When iterating dict
, json module iterate the internal structure of the dict direclty. (e.g. PyDict_Iter
) It is very fast.
On the other hand, when iterating Mapping, it does:
for key in m.keys():
value = mapping[key]
serialize_map(key, value)
Since m.__getitem__
is implemented in Python, we need one Python call per iterating each item.
Calling Python method is much slower than iterating C array.
$ pyperf timeit -s 'd = dict.fromkeys(range(1000))' -- 'dict(d)'
.....................
Mean +- std dev: 18.8 us +- 0.2 us
$ pyperf timeit -s 'import collections; d = collections.UserDict.fromkeys(range(1000))' -- 'dict(d)'
.....................
Mean +- std dev: 208 us +- 1 us
$ pyperf timeit -s 'import collections; d = collections.UserDict.fromkeys(range(1000))' -- 'dict(d.data)'
.....................
Mean +- std dev: 18.8 us +- 0.2 us
See this example.
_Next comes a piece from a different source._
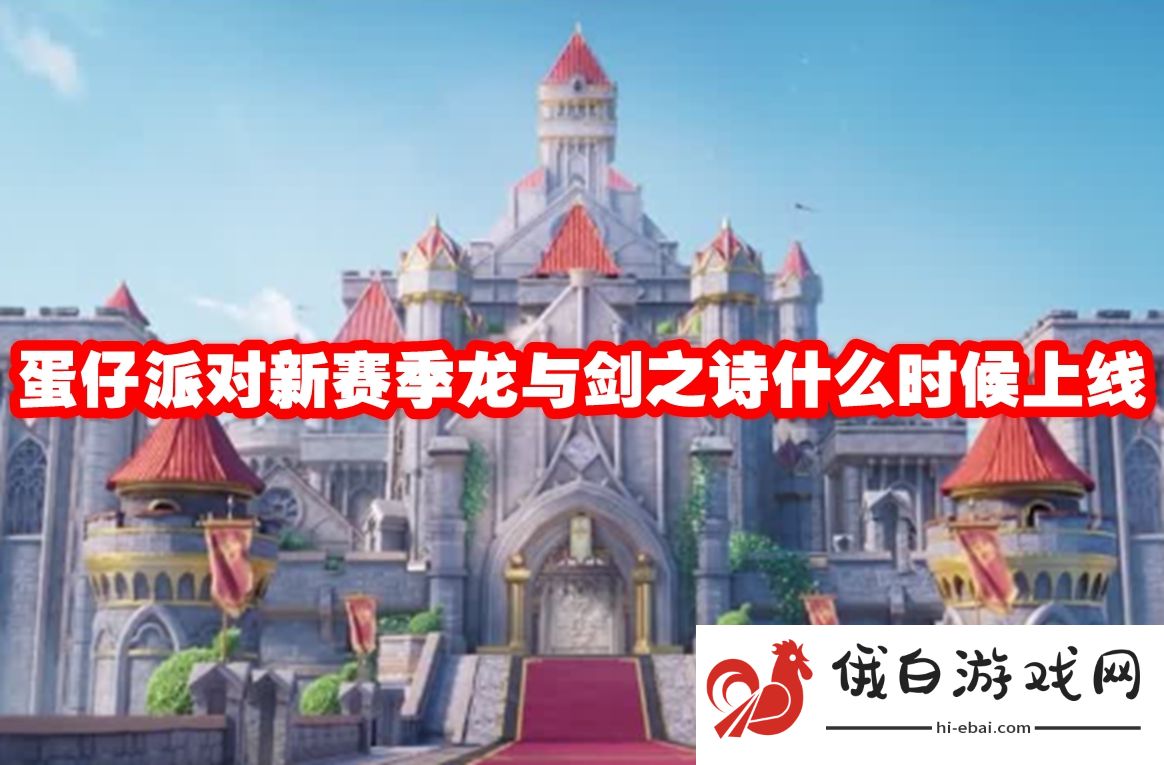 蛋仔派对新赛季龙与剑之诗什么时候上线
If we serialize arbitrary Mapping, this example will not work.
class MyMapping(abc.Mapping):
def __init__(self, dict):
self._data = dict
...
def custom_serialize(obj):
if isinsintance(obj, MyMapping):
d = {"__type__": "MyMapping"}
d.update(obj._data)
return d
...
J = json.dumps(someobj, default=custom_serialize)
...
def custom_deserialize(d):
if d.get("__type__") == "MyMapping":
del d["__type__"]
return MyMapping(d)
return d
....
json.loads(J, object_hook=custom_deserialize)